What is needed here is an exact repetition of the records below, beginning at the line that has "Wallpaper Mural traditional" and stopping after the line that has "Epic Super Saiyan".

• **EXERCISE MATERIALS**:
---

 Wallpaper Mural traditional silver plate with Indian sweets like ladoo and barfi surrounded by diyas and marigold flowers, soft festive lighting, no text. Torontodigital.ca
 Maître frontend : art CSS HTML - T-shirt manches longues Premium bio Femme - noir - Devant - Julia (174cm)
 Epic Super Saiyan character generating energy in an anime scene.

---

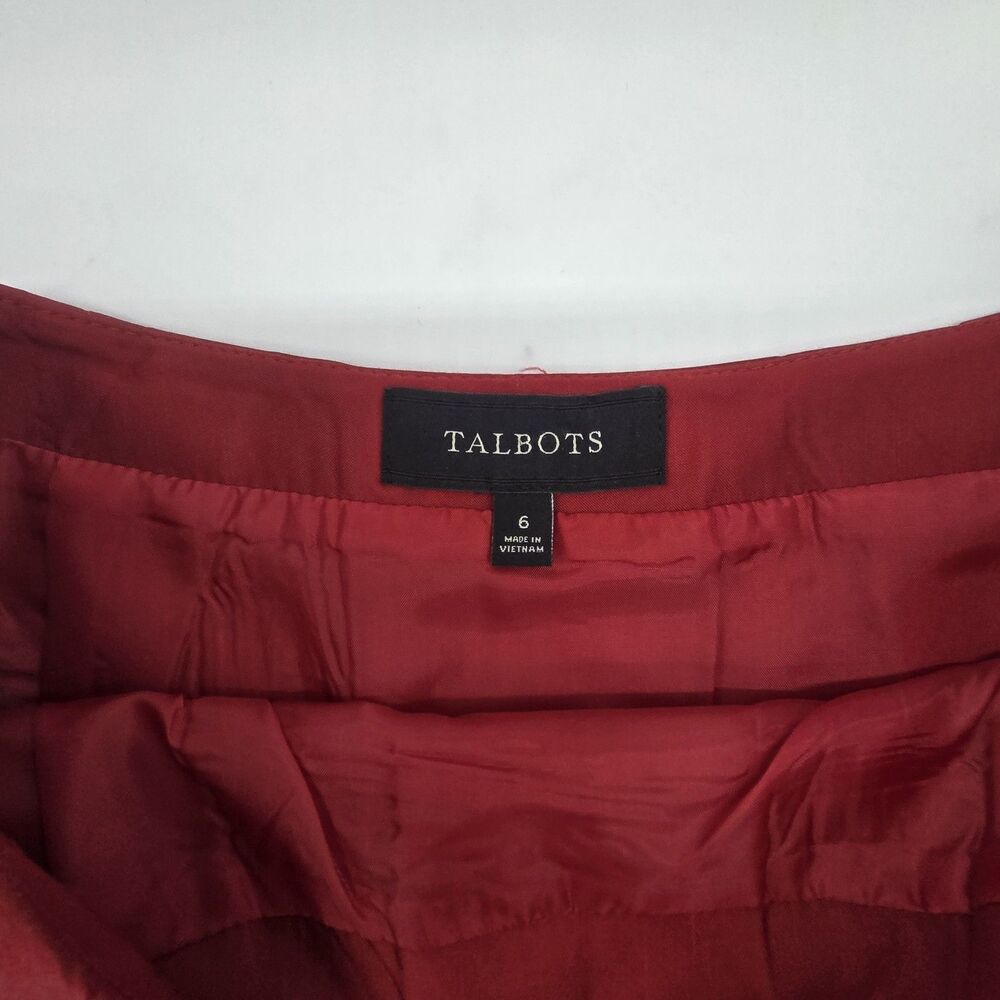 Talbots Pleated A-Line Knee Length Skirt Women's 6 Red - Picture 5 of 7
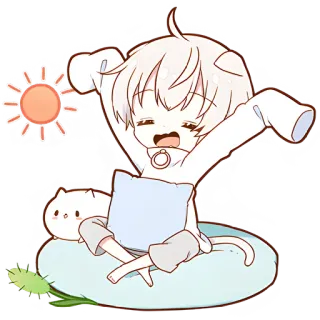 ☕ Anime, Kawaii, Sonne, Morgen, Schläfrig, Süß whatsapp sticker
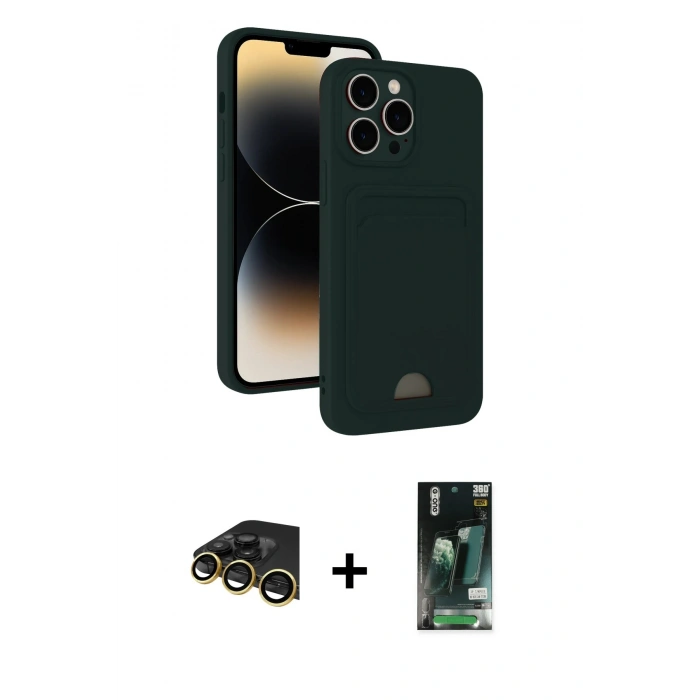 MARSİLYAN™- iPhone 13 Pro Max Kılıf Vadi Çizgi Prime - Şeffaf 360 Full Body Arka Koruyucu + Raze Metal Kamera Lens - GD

---

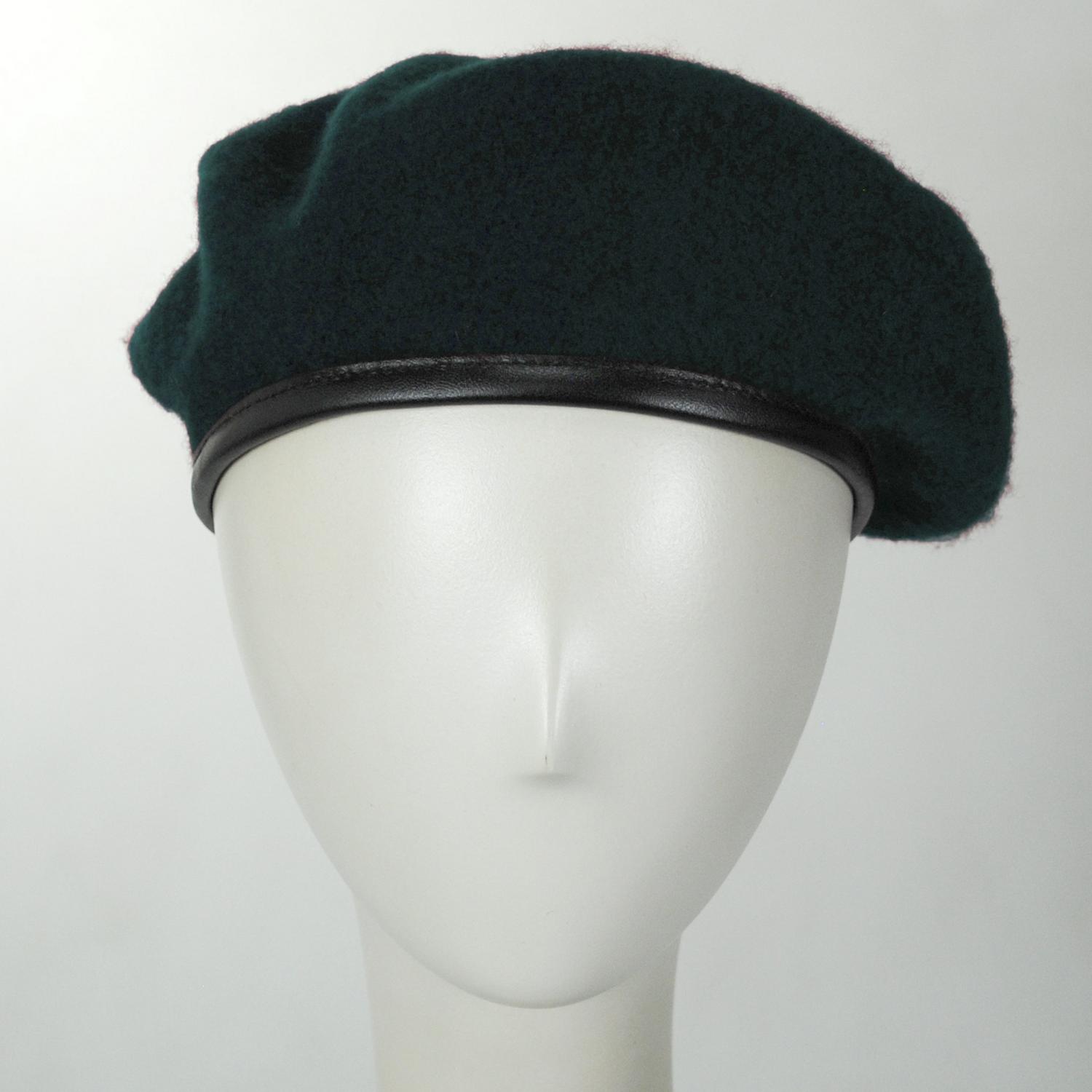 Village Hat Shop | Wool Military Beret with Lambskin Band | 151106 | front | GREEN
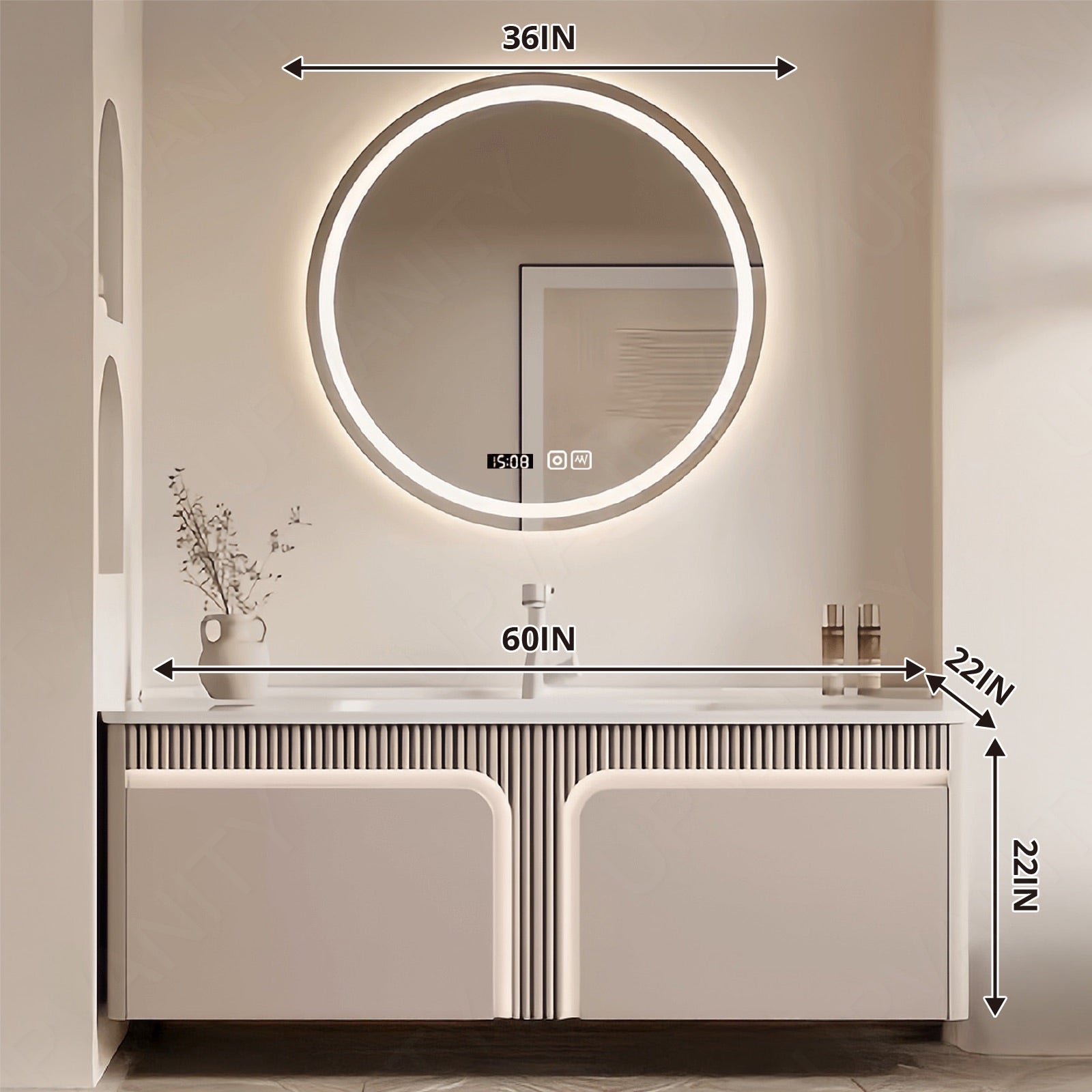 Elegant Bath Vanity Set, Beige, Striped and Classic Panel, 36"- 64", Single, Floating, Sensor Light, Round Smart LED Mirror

---

• **ANSWER TO THIS PROBLEM**:
 Wallpaper Mural traditional silver plate with Indian sweets like ladoo and barfi surrounded by diyas and marigold flowers, soft festive lighting, no text. Torontodigital.ca
 Maître frontend : art CSS HTML - T-shirt manches longues Premium bio Femme - noir - Devant - Julia (174cm)
 Epic Super Saiyan character generating energy in an anime scene.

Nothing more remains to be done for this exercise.